Aim of the task:
Using the listing below, set down exactly the lines starting at the line that contains "Chopped vegetables cooking in a soup pot." and ending at the line that contains "Giacca a vento", both included, and no others.

Provided material:

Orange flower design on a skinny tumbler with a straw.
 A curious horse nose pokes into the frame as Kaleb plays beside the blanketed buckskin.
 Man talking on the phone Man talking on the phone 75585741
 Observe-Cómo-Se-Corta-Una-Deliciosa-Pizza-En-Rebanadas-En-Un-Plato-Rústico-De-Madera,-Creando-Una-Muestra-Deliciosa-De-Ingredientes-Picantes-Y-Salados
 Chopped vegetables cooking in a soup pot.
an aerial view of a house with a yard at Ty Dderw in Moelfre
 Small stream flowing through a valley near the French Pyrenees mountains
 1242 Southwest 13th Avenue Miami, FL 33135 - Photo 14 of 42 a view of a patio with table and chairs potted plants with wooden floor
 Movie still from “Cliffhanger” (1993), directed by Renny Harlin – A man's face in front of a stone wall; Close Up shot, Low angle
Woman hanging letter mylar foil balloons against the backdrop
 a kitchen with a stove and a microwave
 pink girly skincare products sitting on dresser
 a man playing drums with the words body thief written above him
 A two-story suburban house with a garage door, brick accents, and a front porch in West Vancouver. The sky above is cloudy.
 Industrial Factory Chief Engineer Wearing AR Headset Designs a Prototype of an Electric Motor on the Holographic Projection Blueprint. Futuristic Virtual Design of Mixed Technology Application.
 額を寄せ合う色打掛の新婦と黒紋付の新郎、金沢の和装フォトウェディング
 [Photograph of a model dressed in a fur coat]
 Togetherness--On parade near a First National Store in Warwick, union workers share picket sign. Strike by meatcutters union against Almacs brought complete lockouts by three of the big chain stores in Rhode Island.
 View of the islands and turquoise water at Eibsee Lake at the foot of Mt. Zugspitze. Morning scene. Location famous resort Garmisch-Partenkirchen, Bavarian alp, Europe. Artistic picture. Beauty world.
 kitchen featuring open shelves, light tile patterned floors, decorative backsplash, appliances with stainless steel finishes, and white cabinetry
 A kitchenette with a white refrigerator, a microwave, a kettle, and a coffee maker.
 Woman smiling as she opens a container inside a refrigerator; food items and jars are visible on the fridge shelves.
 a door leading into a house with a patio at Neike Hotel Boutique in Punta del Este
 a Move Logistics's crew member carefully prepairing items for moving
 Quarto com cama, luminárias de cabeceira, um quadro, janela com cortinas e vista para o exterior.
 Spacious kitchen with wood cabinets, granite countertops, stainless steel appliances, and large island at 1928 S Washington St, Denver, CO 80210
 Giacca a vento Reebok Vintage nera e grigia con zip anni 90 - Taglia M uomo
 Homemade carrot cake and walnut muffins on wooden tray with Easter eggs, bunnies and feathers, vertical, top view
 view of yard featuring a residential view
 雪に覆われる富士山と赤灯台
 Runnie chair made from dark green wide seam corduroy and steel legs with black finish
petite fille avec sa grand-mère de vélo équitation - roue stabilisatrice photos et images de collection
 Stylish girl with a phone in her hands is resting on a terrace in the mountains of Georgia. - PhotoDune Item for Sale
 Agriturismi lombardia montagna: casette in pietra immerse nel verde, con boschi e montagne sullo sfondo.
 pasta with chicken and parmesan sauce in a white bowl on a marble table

Completed task:
 Chopped vegetables cooking in a soup pot.
an aerial view of a house with a yard at Ty Dderw in Moelfre
 Small stream flowing through a valley near the French Pyrenees mountains
 1242 Southwest 13th Avenue Miami, FL 33135 - Photo 14 of 42 a view of a patio with table and chairs potted plants with wooden floor
 Movie still from “Cliffhanger” (1993), directed by Renny Harlin – A man's face in front of a stone wall; Close Up shot, Low angle
Woman hanging letter mylar foil balloons against the backdrop
 a kitchen with a stove and a microwave
 pink girly skincare products sitting on dresser
 a man playing drums with the words body thief written above him
 A two-story suburban house with a garage door, brick accents, and a front porch in West Vancouver. The sky above is cloudy.
 Industrial Factory Chief Engineer Wearing AR Headset Designs a Prototype of an Electric Motor on the Holographic Projection Blueprint. Futuristic Virtual Design of Mixed Technology Application.
 額を寄せ合う色打掛の新婦と黒紋付の新郎、金沢の和装フォトウェディング
 [Photograph of a model dressed in a fur coat]
 Togetherness--On parade near a First National Store in Warwick, union workers share picket sign. Strike by meatcutters union against Almacs brought complete lockouts by three of the big chain stores in Rhode Island.
 View of the islands and turquoise water at Eibsee Lake at the foot of Mt. Zugspitze. Morning scene. Location famous resort Garmisch-Partenkirchen, Bavarian alp, Europe. Artistic picture. Beauty world.
 kitchen featuring open shelves, light tile patterned floors, decorative backsplash, appliances with stainless steel finishes, and white cabinetry
 A kitchenette with a white refrigerator, a microwave, a kettle, and a coffee maker.
 Woman smiling as she opens a container inside a refrigerator; food items and jars are visible on the fridge shelves.
 a door leading into a house with a patio at Neike Hotel Boutique in Punta del Este
 a Move Logistics's crew member carefully prepairing items for moving
 Quarto com cama, luminárias de cabeceira, um quadro, janela com cortinas e vista para o exterior.
 Spacious kitchen with wood cabinets, granite countertops, stainless steel appliances, and large island at 1928 S Washington St, Denver, CO 80210
 Giacca a vento Reebok Vintage nera e grigia con zip anni 90 - Taglia M uomo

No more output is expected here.